June 25, 1950 -- that was the date the Korean War began.
Around 75,000 soldiers from the North Korean People's Army poured across the 38th parallel, which was the boundary between the Soviet-backed Democratic People's Republic of Korea to the north and the pro-Western Republic of Korea to the south.
The invasion was considered to be the first military action of the Cold War. By July 1950, American troops had entered the war on on South Korea's behalf. Casualties began to pile up, while the Americans aggressively tried to negotiate an armistice with North Korea.
When the Korean War ended in 1953, five million soldiers and civilians lost their lives.
The Korean Peninsula is still divided today.
Glen Bailey, 85, a United States Army veteran who fought in the Korean War, is on a mission to make sure this campaign is never forgotten.
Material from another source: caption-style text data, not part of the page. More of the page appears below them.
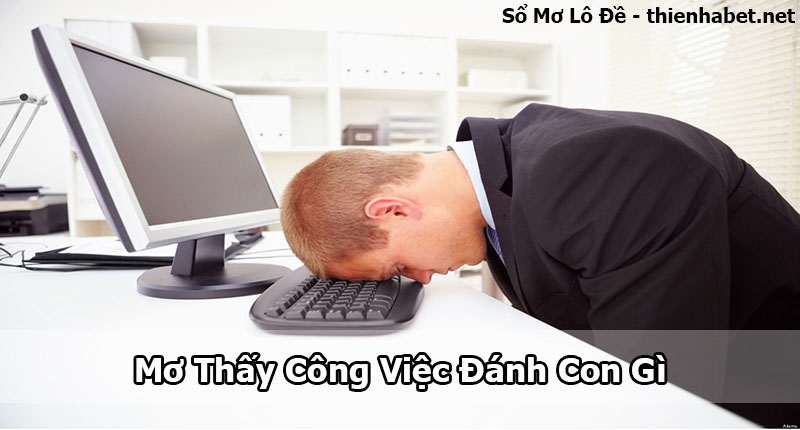 mo thay cong viec day con gi chuan nhat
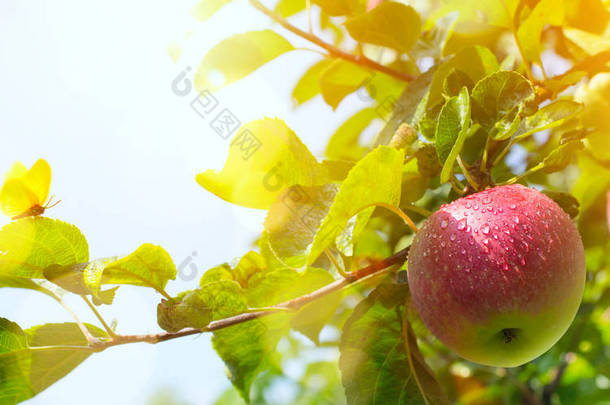 苹果树分支与红苹果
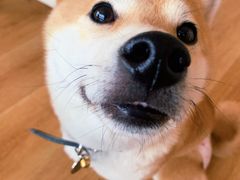 -柴犬小屋·柴餐厅·狗咖食堂(金鼎广场店)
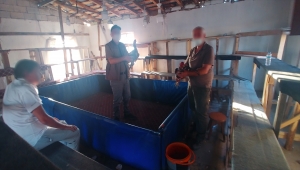 Horoz dövüştüren kişiye 26 bin 55 lira ceza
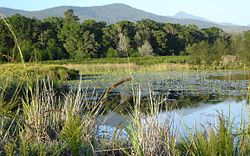 Across the Bass lake you can the fynbos stop abruptly at the edge of the forest.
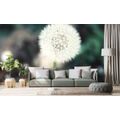 SELF ADHESIVE WALL MURAL FLUFFY DANDELION HAT - SELF-ADHESIVE WALLPAPERS - WALLPAPERS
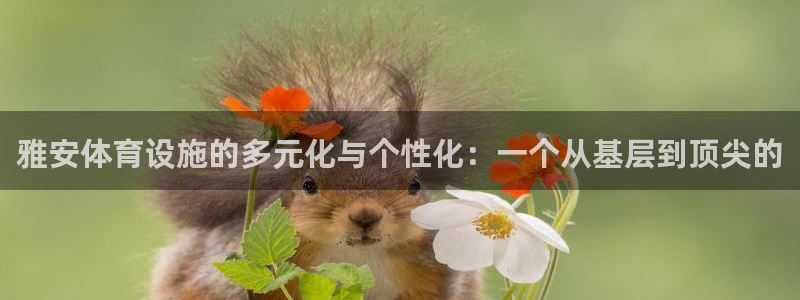 意昂4集团：雅安体育设施的多元化与个性化：一个从基层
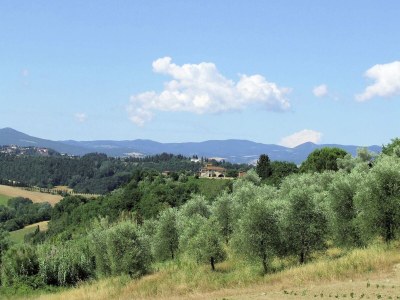 Holiday house Peaceful Apartment, Ghizzano - Environment photo 37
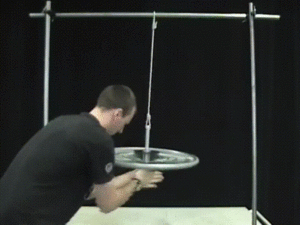 gyroscope.gif
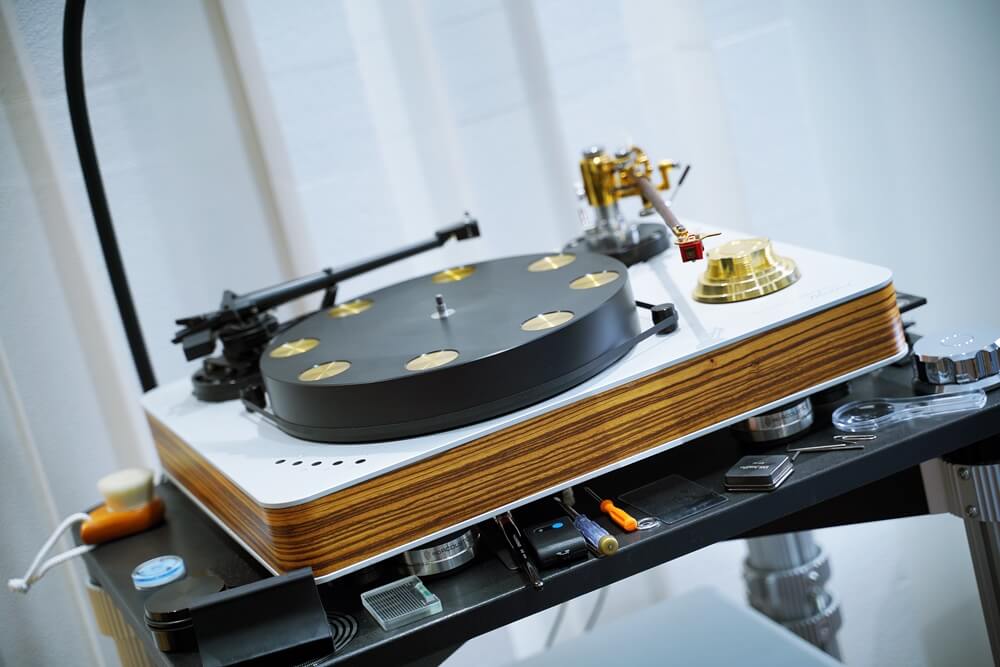 dr feickert blackbird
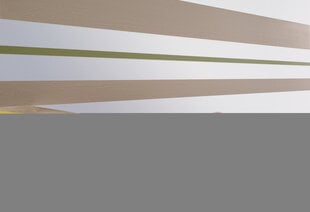 Малярная лента tesa Precision для точных работ 50мx30мм цена и информация | Аксессуары для покраски | 220.lv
He has posted a giant sign in the front lawn of his Comstock Park home, making sure that every person who walks, rides, jogs or drives by his home, they're forced to never forget.
"I feel I need to get people's attention and make them realize what we went through over there," Bailey said, referring to his time in Korea 67 years ago. "We had World War II equipment, and it was junk.
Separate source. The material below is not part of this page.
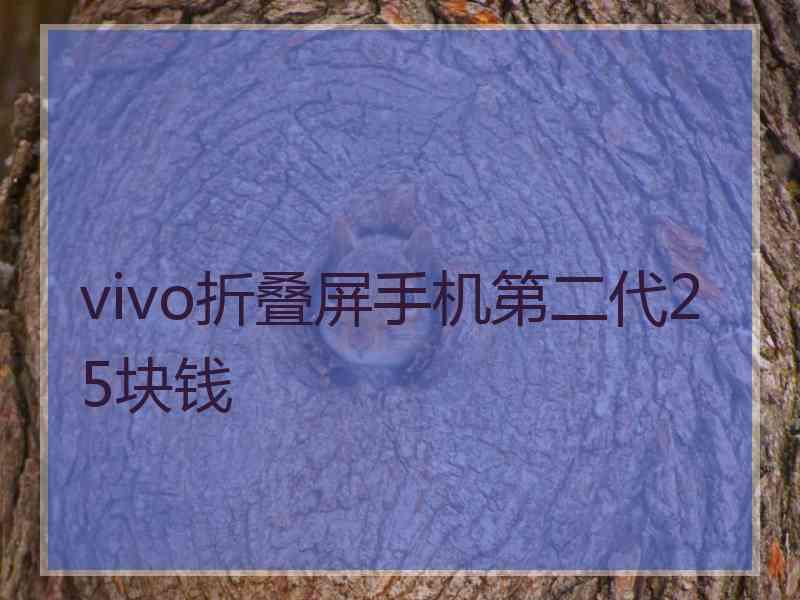 vivo折叠屏手机第二代25块钱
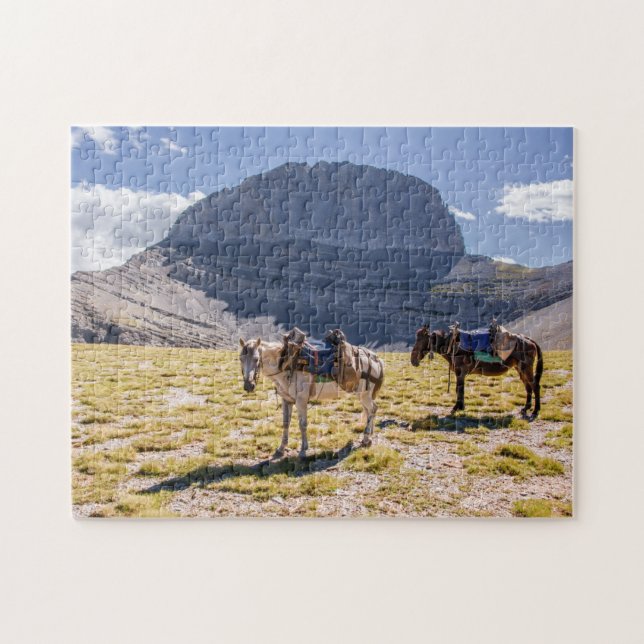 Puzzle Donkeys sur le mont Olympus, Grèce (Horizontal)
"We didn't have any winter clothing, so we froze to death over there. They had no replacements coming in, so if you had a wound that wasn't life-threatening, you stayed there.
"We went over there and got shot up; we got a lot of them killed, and for what?"
Bailey says the sign in his yard isn't just for him, it's for Korean War veterans everywhere.
"June 25 marked the 67th anniversary of the Korean War beginning," Bailey said. "I never see any remembrances on the news about it, so that's why I posted the sign."
Bailey says he's not sure when or if he'll take the sign down.